When it comes to the trajectory of his career, Miles Teller is having anything but an awkward moment... Unless, of course, you're talking about his role in the movie thus entitled. Fresh on the heels of an oddly charming turn as a schmucky, commitment-phobic manchild in this month's big ensemble rom-com, Teller is headed for biopic territory with the challenging lead in "Bleed for This."
Starring opposite Aaron Eckhart, Teller will play boxer Vinny Pazienza, whose real-life return to the ring after a car crash that should have ended his career is the stuff underdog fairytales are made of. It's a canny choice for an on-the-verge actor in an industry where biopics and boxing movies are some of the most reliable awards bait there is; under the circumstances, there's little question that this role is part of a trajectory that will send Teller to the top of the A-list.
But more importantly, Miles Teller is beginning to look like a candidate for another sort of role, one that Hollywood has been unsuccessfully trying to fill ever since it became apparent that old guard celebs like De Niro, Pacino, Eastwood and Douglas were not, in fact, going to live forever. And despite a talented new class of up-and-coming young actors to choose from, Teller is the first man in recent memory to look like he might fit this particular bill: that of a powerhouse leading man, with enormous acting range, whose mere presence in a movie will spell success at the box office. What makes him so promising?
He's got range.
In the span of just a couple of years, we'll have seen Teller flexing his thespian muscles in an astonishing array of roles: as a loveable rom-com schlub in "That Awkward Moment," as a tortured teen alcoholic in "The Spectacular Now," as a sadistic cutthroat antagonist in "Divergent," and as an ambitious and obsessed drumming prodigy in the Sundance darling "Whiplash." And lest you think he lacks the superstar caliber to carry an action blockbuster, he's also rumored to be the frontrunner for the part of the cerebral, elastic Mr. Fantastic in the upcoming "Fantastic Four" reboot.
He's got skills -- and he's willing to learn new ones.
Teller doesn't just have natural talent in spades: after all, he won the Sundance Special Jury Prize for his crackling chemistry with Shailene Woodley in "The Spectacular Now" and held his own against the powerful talents of screen veteran J.K. Simmons in "Whiplash." He's also extremely dedicated to his craft. Case in point: the complex, crazy drum solo that happens at the climax of "Whiplash"? That's all him.
He's got that face.
Whatever term you use to describe Teller's unconventional looks (on MTV, the term "bro face" has been bandied about from time to time), his not-your-typical-movie-star face gives him the power to choose a variety of roles and play them to perfection.
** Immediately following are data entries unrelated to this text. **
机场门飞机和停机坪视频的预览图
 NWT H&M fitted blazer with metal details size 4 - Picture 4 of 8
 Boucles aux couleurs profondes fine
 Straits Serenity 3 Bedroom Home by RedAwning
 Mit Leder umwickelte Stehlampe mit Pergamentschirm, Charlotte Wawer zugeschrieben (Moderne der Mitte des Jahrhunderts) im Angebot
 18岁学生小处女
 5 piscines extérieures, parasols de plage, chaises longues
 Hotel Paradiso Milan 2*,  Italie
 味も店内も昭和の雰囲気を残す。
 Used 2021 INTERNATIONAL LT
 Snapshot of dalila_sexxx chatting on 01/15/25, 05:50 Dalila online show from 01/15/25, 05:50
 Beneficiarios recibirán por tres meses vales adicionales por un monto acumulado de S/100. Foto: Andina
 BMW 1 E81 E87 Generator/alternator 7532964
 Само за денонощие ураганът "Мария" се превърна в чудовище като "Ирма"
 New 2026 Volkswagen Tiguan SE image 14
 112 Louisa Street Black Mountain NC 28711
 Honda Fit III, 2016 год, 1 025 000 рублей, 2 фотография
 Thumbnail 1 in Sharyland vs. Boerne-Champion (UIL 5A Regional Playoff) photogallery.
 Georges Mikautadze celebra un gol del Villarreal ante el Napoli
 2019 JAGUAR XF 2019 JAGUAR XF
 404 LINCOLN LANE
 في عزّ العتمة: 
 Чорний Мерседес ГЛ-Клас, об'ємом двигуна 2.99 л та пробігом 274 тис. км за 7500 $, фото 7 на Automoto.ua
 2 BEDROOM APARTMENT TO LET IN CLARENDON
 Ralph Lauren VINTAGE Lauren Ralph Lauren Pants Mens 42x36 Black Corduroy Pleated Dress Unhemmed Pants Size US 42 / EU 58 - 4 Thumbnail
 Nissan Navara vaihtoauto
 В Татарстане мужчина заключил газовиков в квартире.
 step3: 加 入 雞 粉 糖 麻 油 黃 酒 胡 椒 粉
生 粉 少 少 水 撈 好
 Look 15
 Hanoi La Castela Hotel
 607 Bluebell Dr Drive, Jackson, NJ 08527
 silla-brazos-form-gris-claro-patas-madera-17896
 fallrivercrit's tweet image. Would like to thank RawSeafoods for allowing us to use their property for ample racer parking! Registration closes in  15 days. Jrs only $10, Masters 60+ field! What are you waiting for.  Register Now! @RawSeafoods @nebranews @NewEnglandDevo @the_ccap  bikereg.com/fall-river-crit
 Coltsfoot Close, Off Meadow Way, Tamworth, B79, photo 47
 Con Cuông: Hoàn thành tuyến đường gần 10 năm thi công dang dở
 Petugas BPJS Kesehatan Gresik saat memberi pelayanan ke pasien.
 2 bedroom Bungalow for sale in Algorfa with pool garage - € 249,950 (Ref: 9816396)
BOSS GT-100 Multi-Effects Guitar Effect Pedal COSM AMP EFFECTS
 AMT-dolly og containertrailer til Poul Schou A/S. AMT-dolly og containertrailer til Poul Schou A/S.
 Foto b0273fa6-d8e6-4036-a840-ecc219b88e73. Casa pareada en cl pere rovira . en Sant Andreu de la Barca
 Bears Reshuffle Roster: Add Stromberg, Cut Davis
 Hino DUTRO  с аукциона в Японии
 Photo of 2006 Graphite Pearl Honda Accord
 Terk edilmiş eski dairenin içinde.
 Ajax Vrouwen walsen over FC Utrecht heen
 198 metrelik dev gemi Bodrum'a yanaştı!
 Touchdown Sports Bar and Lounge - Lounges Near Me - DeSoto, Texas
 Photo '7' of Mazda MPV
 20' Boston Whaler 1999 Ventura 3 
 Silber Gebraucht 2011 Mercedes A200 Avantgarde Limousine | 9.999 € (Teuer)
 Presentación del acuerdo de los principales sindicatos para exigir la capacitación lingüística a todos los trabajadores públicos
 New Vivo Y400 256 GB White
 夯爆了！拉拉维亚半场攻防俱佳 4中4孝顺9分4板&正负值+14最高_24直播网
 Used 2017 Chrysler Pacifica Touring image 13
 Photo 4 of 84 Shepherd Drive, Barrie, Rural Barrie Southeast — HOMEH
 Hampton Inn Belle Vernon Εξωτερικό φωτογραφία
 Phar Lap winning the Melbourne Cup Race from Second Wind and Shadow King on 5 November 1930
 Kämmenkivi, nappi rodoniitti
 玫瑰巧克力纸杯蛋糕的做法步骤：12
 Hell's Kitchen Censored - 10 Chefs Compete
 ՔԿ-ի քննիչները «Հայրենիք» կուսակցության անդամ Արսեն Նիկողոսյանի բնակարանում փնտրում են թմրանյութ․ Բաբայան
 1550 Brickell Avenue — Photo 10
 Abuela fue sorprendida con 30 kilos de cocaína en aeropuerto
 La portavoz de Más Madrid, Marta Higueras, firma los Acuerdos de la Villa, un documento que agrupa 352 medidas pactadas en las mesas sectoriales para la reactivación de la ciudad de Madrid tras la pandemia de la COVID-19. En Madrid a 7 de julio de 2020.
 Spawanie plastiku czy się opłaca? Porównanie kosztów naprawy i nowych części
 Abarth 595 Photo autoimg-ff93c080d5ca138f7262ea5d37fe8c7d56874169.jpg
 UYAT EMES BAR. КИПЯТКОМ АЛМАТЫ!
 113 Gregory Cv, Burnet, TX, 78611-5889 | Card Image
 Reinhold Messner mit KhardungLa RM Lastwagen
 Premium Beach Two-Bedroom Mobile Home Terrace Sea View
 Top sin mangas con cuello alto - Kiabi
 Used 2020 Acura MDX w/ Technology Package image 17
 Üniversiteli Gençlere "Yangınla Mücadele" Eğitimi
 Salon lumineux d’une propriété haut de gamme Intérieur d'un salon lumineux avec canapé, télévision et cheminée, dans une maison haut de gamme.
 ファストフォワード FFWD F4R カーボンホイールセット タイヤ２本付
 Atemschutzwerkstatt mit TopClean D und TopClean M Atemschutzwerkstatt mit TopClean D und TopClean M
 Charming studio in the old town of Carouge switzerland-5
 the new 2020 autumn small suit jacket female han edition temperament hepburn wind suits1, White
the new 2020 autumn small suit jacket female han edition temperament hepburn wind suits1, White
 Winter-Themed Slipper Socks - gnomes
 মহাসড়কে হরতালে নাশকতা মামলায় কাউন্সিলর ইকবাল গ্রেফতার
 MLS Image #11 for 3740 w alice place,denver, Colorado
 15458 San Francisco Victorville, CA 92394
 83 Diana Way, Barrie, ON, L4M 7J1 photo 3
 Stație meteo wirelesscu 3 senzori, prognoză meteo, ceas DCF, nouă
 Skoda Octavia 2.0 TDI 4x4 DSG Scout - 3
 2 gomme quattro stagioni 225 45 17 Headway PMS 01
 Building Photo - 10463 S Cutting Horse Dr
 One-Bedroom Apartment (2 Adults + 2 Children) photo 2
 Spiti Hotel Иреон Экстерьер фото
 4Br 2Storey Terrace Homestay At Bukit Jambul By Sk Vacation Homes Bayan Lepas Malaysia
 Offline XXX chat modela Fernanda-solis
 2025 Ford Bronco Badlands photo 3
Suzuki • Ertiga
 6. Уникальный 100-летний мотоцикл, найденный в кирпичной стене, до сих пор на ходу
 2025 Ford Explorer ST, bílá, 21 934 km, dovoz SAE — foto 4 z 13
Even this early in his career, the actor has demonstrated an uncanny knack for making himself look incredibly appealing, pathetically petulant, or even downright repellent depending upon who he's supposed to be. And where being too handsome can be limiting even to a very talented actor (we're looking at you, Ryan Gosling), Teller's ability to look handsome at will opens up the field for him to play literally anyone, from a soulful romantic lead to a filthy, scheming villain.